How to Use Residential Proxies to Avoid IP Bans When Scraping (Step-by-Step Guide)
GuideA concise overview of how residential proxies help prevent IP bans by making scraper traffic appear human, and how tools like Playwright and MrScraper simplify proxy rotation, fingerprinting, and large-scale anti-bot evasion.
You've been here before. Your scraper runs beautifully for twenty minutes, then hits a wall — 403 Forbidden, a redirect to a CAPTCHA page, or just silence where data used to be. You check the logs. Your IP is banned. You restart from a new IP. Forty minutes later, same thing. Rinse, repeat, lose entire afternoons.
IP bans are the most common scraping obstacle, and they're not random. Sites ban IPs because the traffic pattern — velocity, origin, consistency — looks automated. The fix isn't just more IPs. It's the right kind of IPs, used the right way.
Here's the core answer: residential proxies work where datacenter proxies fail because they route your requests through real home internet connections — the same type of IPs real users browse from. When combined with proper rotation, request pacing, and session management, they make your scraper's traffic statistically indistinguishable from real user traffic. This guide walks through the complete setup, step by step.
Why IP Bans Happen in the First Place
Before building the solution, let's understand the problem. Sites don't ban IPs by accident. They ban them because something in the traffic pattern triggered a detection threshold. The most common triggers:
Datacenter IP origin — AWS, Google Cloud, and DigitalOcean IP ranges are classified in public databases like IPinfo and MaxMind. Any request from these ranges is pre-flagged as potential bot traffic before a single behavioral signal is evaluated.
Request velocity — Ten requests per second from one IP, with 100ms precision between each one, is not human behavior. Even if each individual request looks normal, the pattern across requests reveals automation.

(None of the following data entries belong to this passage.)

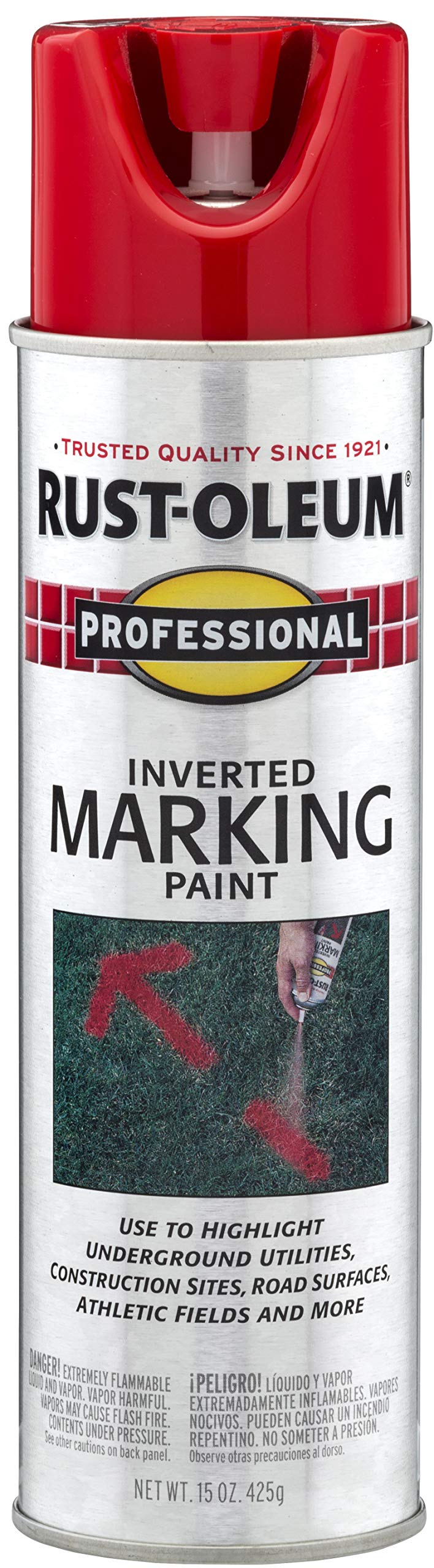 Rust-Oleum 15 Ounce (Pack of 1) / Safety Red / 1 Spray Paint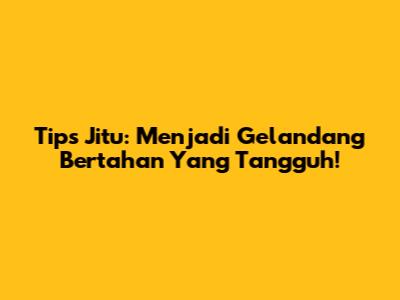 Tips Jitu: Menjadi Gelandang Bertahan Yang Tangguh!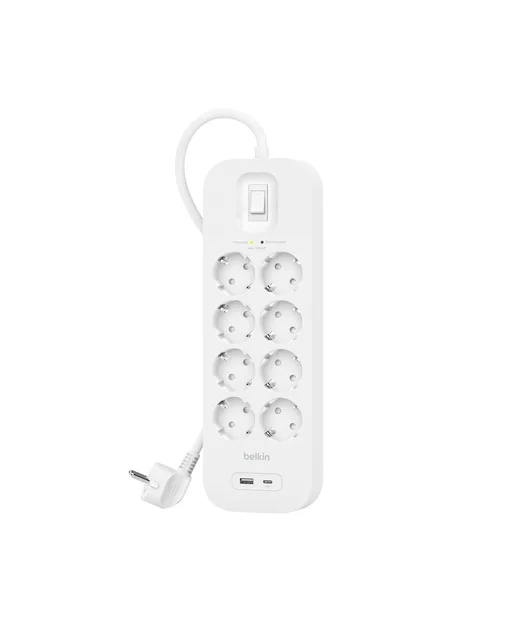 Belkin USB-C-USB-A 8x Akım Koruyucu Priz 2M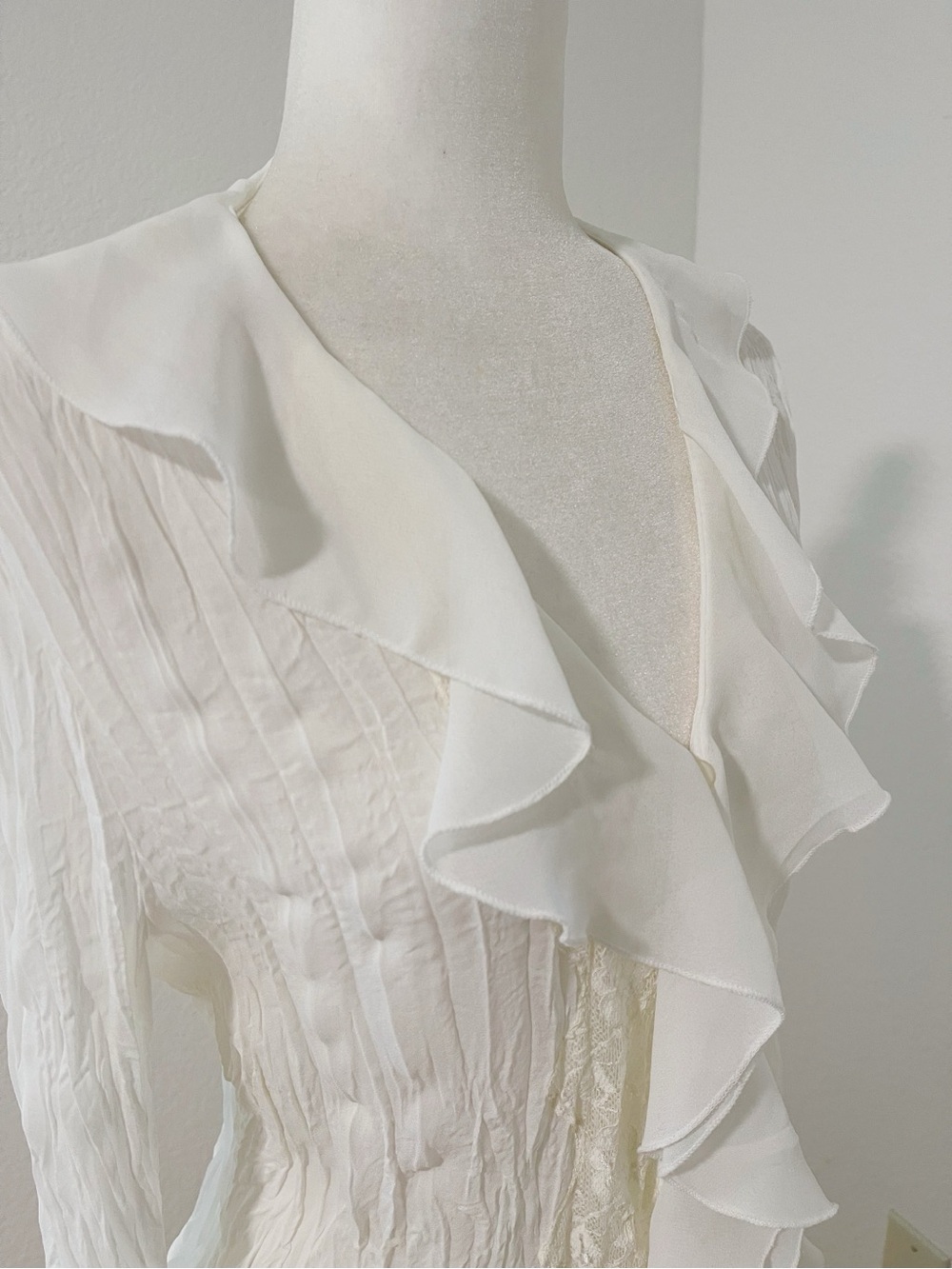 Sunny Taylor Vintage Bohemian Crinkle Blouse - Picture 3 of 8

No session history — Real users arrive at deep pages with cookies from previous visits, referrer headers from search engines, and session state accumulated over time. A scraper jumping cold into /products/item-12345 with zero prior session history stands out immediately.
Consistent fingerprint across many requests — The same User-Agent, same IP, same response to JavaScript challenges, same time-of-day pattern. Real users are inconsistent. Scrapers are predictable.

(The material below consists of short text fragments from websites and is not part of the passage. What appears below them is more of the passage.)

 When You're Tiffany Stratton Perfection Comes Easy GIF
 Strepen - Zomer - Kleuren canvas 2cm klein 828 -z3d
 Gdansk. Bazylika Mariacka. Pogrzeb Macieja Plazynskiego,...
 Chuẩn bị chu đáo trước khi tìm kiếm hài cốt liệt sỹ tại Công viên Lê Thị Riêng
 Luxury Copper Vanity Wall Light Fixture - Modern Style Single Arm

IP reuse after a block — When one request gets soft-blocked (challenged or rate-limited), immediately retrying from the same IP confirms it's automated. Real users don't retry a CAPTCHA page instantly.
Understanding which trigger is causing your bans determines which solution to apply. Residential proxies solve the IP origin problem definitively. The others require additional techniques — covered in the steps below.
What Are Residential Proxies?
A residential proxy routes your request through an IP address assigned by an Internet Service Provider (ISP) to a real household device — a home router, laptop, or mobile phone on a consumer internet connection.
The critical difference from datacenter proxies: residential IPs belong to ASN ranges owned by consumer ISPs (Comcast, AT&T, Verizon, BT, Deutsche Telekom). They're the same IP type that hundreds of millions of real users browse from every day. Anti-bot systems that instantly flag AS14618 (Amazon AWS) have no equivalent flag for a Comcast residential IP — blocking it would mean blocking real customers.
Residential proxy providers build their pools by partnering with apps and services whose users opt in to share idle bandwidth. When your scraper makes a request through the pool, it literally travels through someone's home internet connection before reaching the target.
For a deeper dive on residential vs. datacenter proxies, see our guide: Residential Proxy vs Datacenter Proxy for Web Scraping: What's the Difference?
Step-by-Step Guide: Using Residential Proxies to Avoid IP Bans
Step 1: Choose a Residential Proxy Provider
Not all residential proxy providers are equal. The pool quality — how fresh the IPs are, how their reputation scores look, how diverse the geographic coverage is — varies dramatically between providers. What to evaluate:
Pool size and geographic coverage — You want a provider with millions of IPs across multiple countries, cities, and carriers. Thin pools cycle through the same IPs too quickly, and those IPs accumulate bad reputation scores.
Rotation options — You need both rotating proxies (new IP per request) and sticky sessions (same IP for a configurable duration). Rotating is best for most scraping; sticky is needed for multi-step workflows that require session continuity.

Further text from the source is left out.